* Work required: Give back, word for word, the lines in the listing below from the one holding "Honeydew Snow Foam" down to the one holding "handmade Transitional Kafkaz", both ends included.

* Exercise inputs:
-------------------------
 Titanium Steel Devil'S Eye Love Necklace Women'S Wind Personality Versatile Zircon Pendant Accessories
-------------------------
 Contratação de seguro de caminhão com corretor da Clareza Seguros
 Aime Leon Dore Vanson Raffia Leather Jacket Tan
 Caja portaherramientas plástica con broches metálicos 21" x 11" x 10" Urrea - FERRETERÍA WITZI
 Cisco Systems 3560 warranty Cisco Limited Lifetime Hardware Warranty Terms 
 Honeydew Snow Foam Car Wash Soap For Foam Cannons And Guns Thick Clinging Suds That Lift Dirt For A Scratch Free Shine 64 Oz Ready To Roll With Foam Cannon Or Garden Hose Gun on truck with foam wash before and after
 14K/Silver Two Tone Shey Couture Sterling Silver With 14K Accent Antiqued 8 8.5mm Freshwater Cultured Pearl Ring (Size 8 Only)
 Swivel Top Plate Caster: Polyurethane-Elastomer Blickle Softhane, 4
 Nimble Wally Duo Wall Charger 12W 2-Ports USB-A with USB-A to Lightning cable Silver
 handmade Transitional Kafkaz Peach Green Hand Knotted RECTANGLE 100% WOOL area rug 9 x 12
-------------------------
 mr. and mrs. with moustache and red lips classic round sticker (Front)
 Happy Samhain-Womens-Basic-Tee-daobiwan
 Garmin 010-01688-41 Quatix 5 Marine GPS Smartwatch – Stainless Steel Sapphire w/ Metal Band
-------------------------
* Response to this exercise:
 Honeydew Snow Foam Car Wash Soap For Foam Cannons And Guns Thick Clinging Suds That Lift Dirt For A Scratch Free Shine 64 Oz Ready To Roll With Foam Cannon Or Garden Hose Gun on truck with foam wash before and after
 14K/Silver Two Tone Shey Couture Sterling Silver With 14K Accent Antiqued 8 8.5mm Freshwater Cultured Pearl Ring (Size 8 Only)
 Swivel Top Plate Caster: Polyurethane-Elastomer Blickle Softhane, 4
 Nimble Wally Duo Wall Charger 12W 2-Ports USB-A with USB-A to Lightning cable Silver
 handmade Transitional Kafkaz Peach Green Hand Knotted RECTANGLE 100% WOOL area rug 9 x 12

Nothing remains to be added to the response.